[Web page caption snippets]
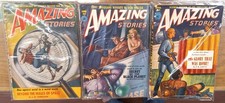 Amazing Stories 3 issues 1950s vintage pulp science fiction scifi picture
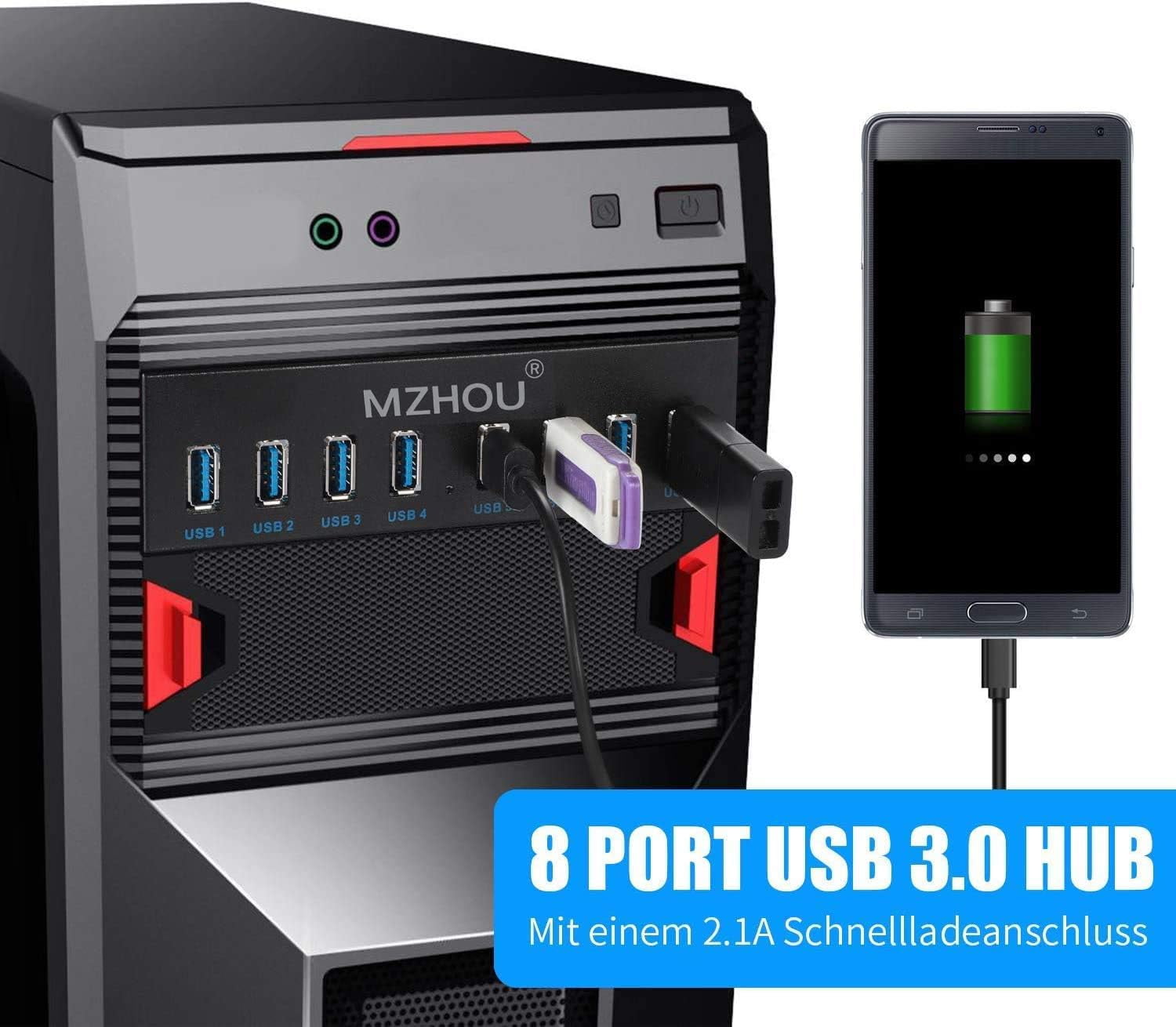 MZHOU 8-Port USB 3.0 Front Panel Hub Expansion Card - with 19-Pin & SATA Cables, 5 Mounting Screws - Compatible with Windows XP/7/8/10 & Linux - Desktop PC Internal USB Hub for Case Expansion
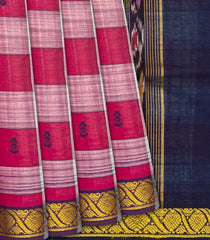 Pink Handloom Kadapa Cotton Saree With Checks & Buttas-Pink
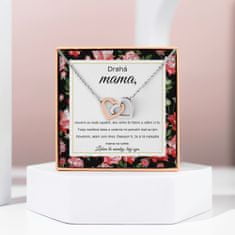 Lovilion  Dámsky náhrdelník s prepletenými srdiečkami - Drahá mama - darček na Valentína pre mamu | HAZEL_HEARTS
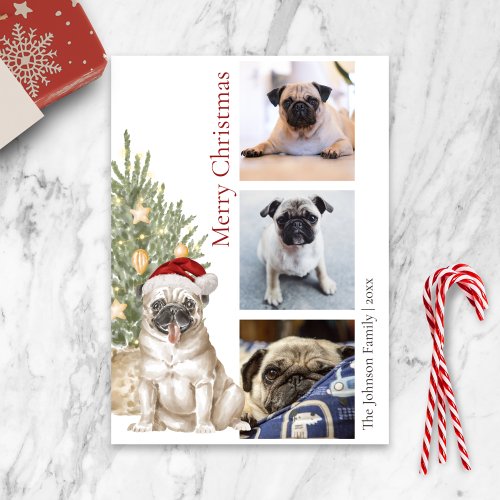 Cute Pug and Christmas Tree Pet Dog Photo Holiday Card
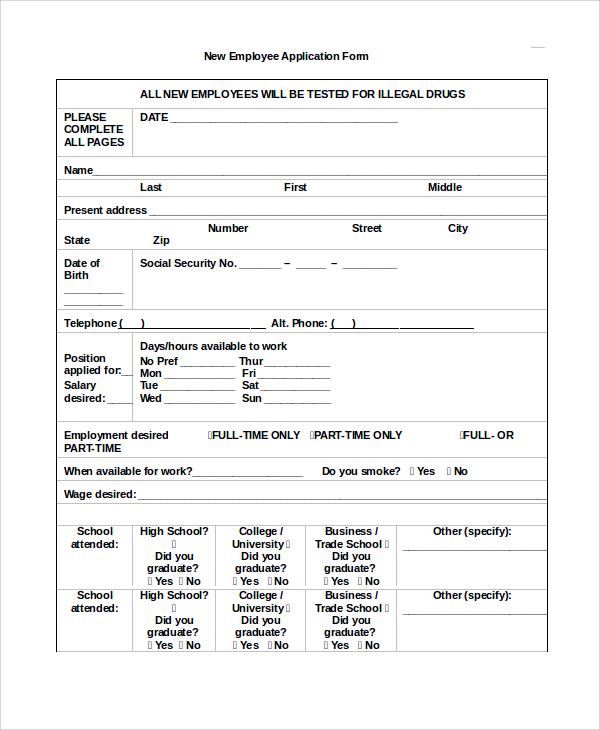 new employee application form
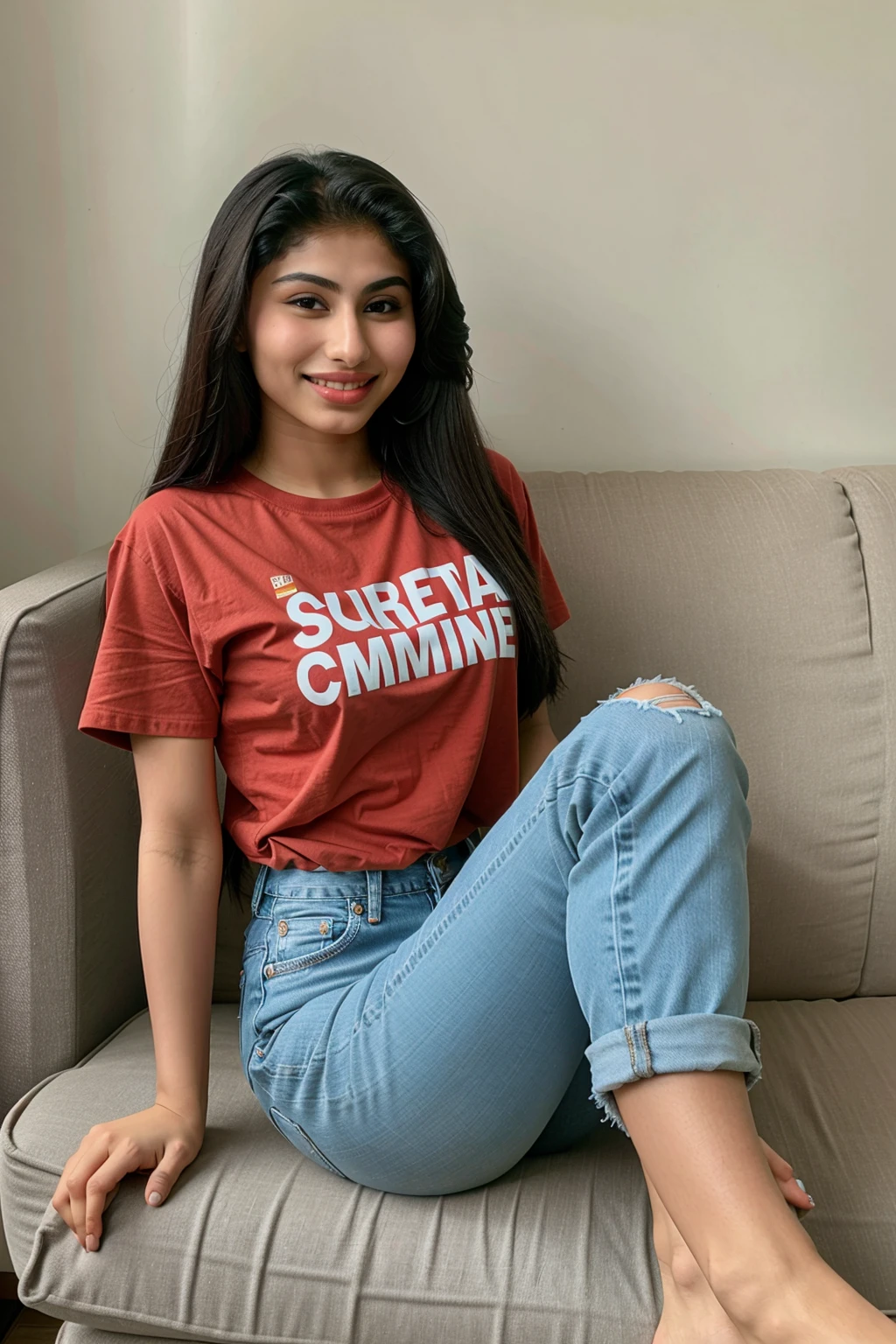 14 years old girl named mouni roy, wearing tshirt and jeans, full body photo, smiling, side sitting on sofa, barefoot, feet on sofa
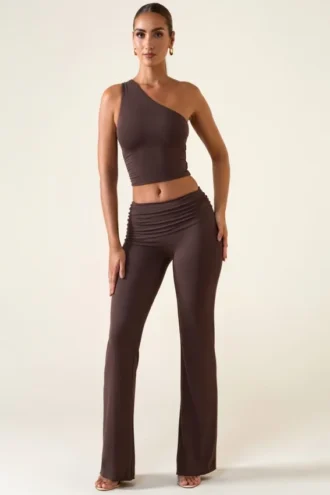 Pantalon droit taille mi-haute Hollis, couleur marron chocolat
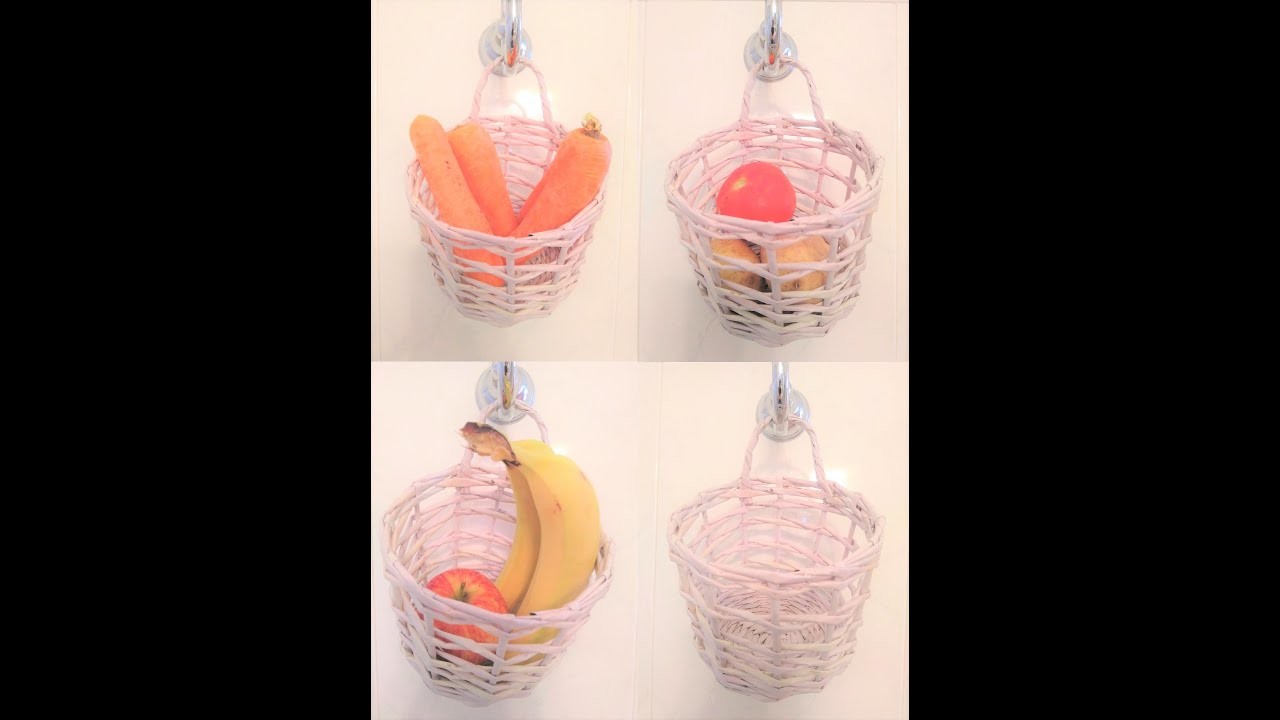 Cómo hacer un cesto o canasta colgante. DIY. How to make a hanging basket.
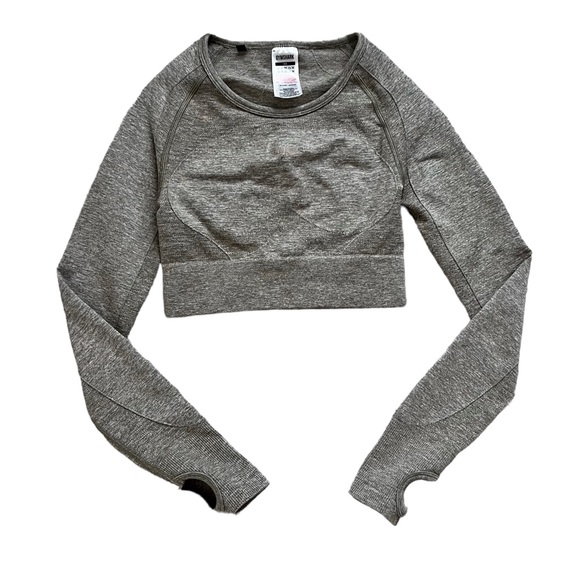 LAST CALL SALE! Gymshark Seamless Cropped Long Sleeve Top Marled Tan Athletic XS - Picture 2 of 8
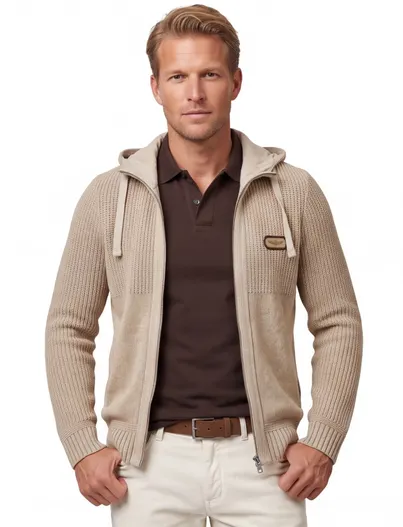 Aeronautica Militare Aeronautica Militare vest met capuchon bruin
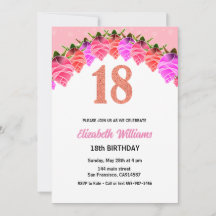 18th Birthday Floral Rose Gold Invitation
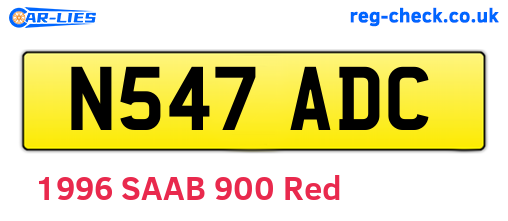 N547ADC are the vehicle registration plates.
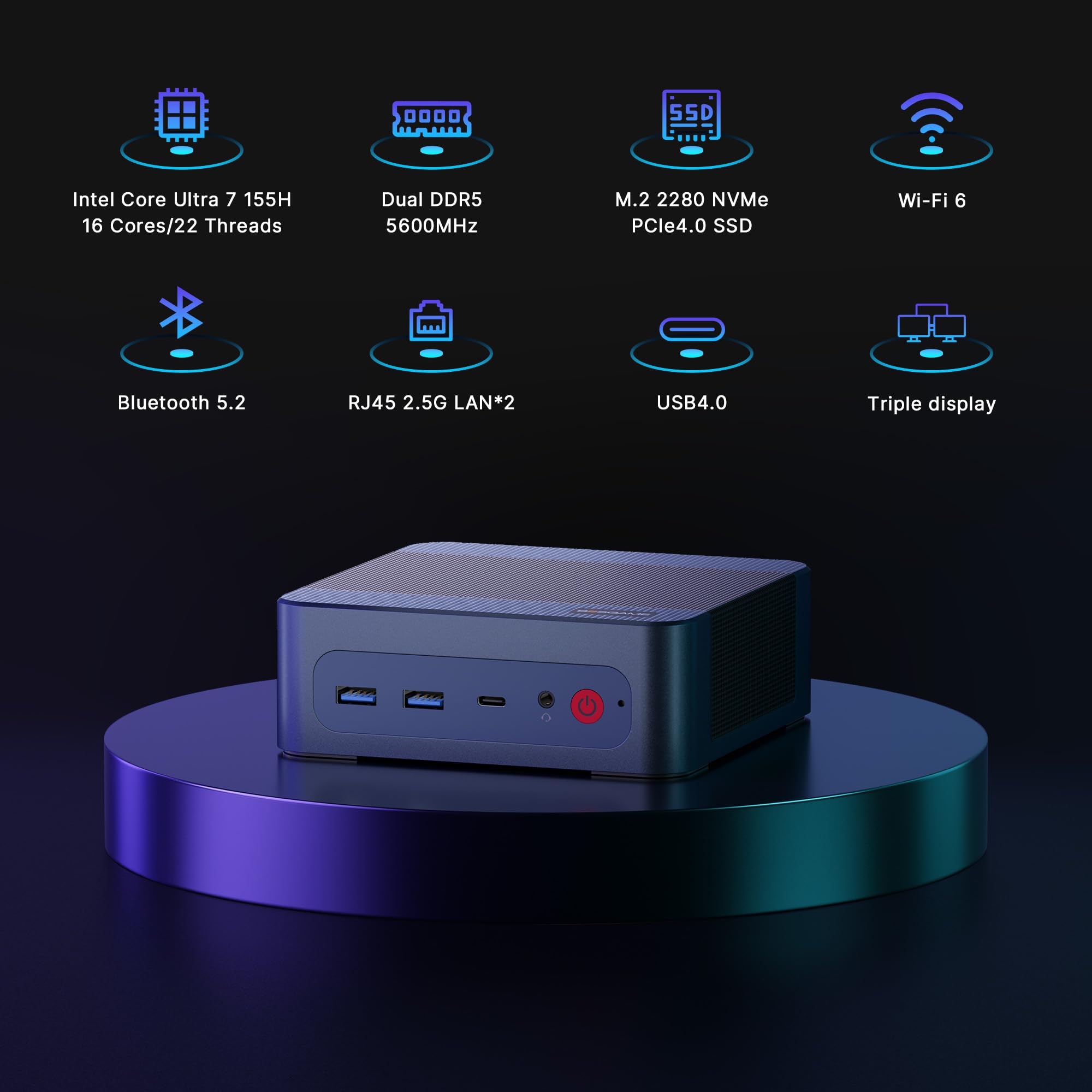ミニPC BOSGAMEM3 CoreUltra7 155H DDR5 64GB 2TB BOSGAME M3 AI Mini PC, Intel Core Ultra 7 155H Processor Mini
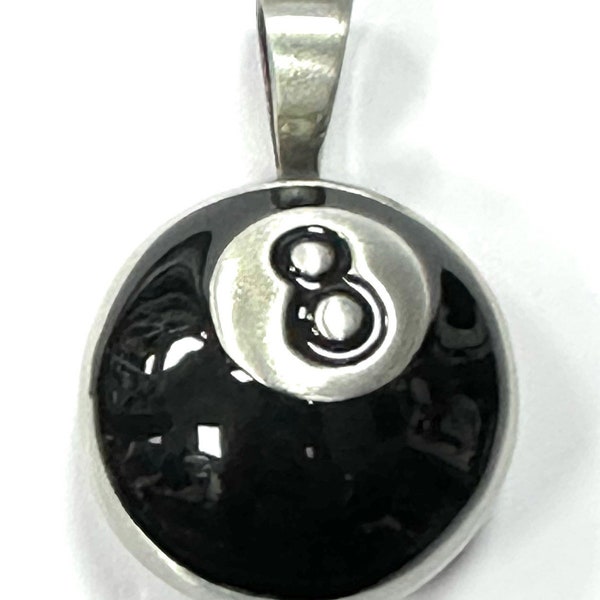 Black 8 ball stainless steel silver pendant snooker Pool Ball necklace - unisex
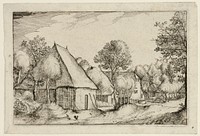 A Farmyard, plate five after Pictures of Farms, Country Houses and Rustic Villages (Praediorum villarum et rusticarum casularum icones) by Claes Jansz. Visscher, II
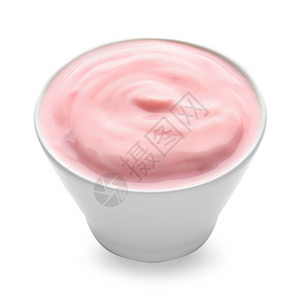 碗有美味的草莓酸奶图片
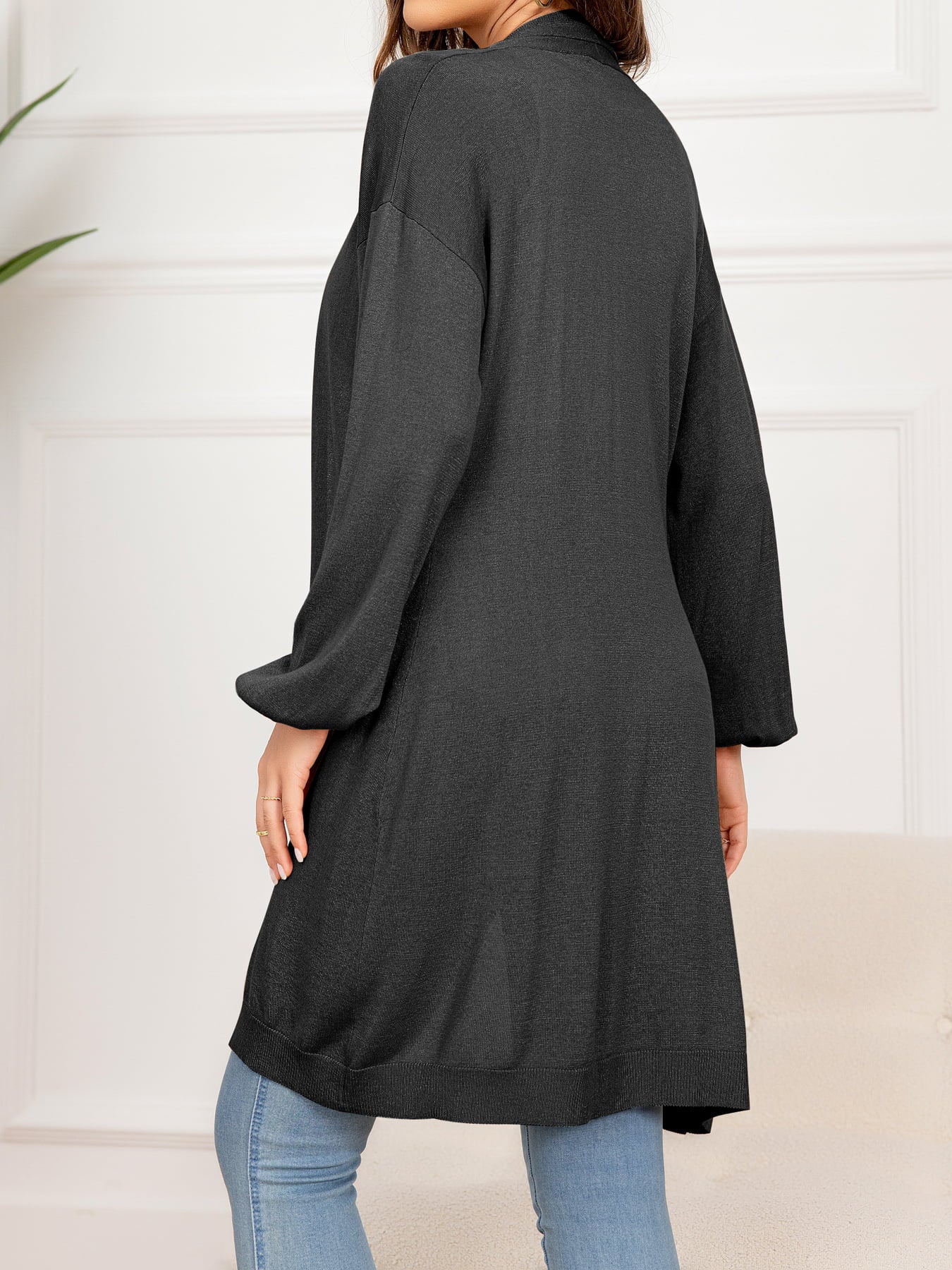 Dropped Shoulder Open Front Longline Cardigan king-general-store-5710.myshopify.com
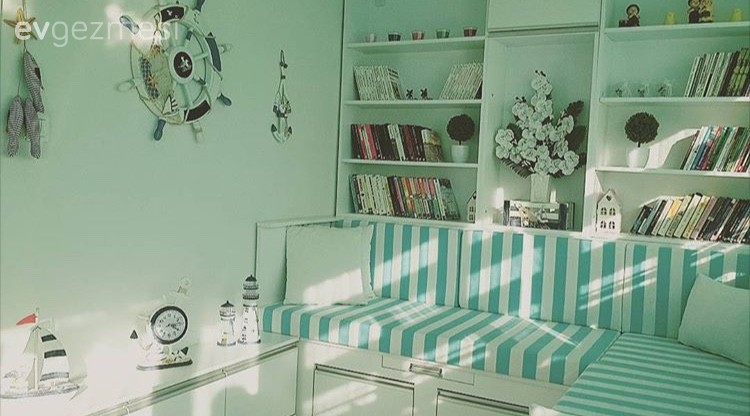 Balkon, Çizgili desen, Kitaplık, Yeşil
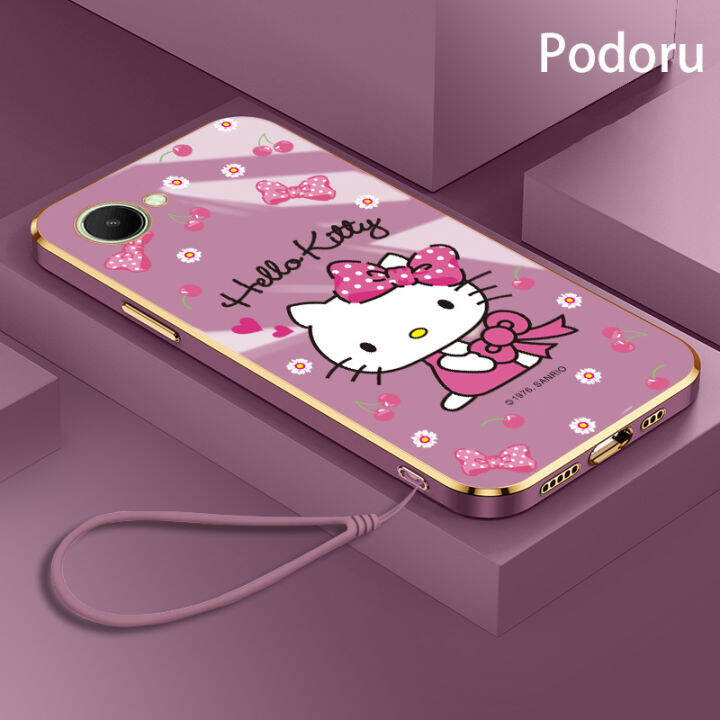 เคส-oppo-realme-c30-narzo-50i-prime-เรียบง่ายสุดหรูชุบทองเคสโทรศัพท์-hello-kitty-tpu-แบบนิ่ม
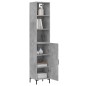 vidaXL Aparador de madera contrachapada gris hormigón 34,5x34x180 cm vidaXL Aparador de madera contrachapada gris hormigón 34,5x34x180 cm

Exercise: Although pictures appear among the entries, please set down only the lines from the one with "new employee application form" up to and including the one with "เคส-oppo-realm", word for word.

Task response:
 new employee application form
 14 years old girl named mouni roy, wearing tshirt and jeans, full body photo, smiling, side sitting on sofa, barefoot, feet on sofa
 Pantalon droit taille mi-haute Hollis, couleur marron chocolat
 Cómo hacer un cesto o canasta colgante. DIY. How to make a hanging basket.
 LAST CALL SALE! Gymshark Seamless Cropped Long Sleeve Top Marled Tan Athletic XS - Picture 2 of 8
 Aeronautica Militare Aeronautica Militare vest met capuchon bruin
 18th Birthday Floral Rose Gold Invitation
 N547ADC are the vehicle registration plates.
ミニPC BOSGAMEM3 CoreUltra7 155H DDR5 64GB 2TB BOSGAME M3 AI Mini PC, Intel Core Ultra 7 155H Processor Mini
 Black 8 ball stainless steel silver pendant snooker Pool Ball necklace - unisex
 A Farmyard, plate five after Pictures of Farms, Country Houses and Rustic Villages (Praediorum villarum et rusticarum casularum icones) by Claes Jansz. Visscher, II
 碗有美味的草莓酸奶图片
 Dropped Shoulder Open Front Longline Cardigan king-general-store-5710.myshopify.com
 Balkon, Çizgili desen, Kitaplık, Yeşil
 เคส-oppo-realme-c30-narzo-50i-prime-เรียบง่ายสุดหรูชุบทองเคสโทรศัพท์-hello-kitty-tpu-แบบนิ่ม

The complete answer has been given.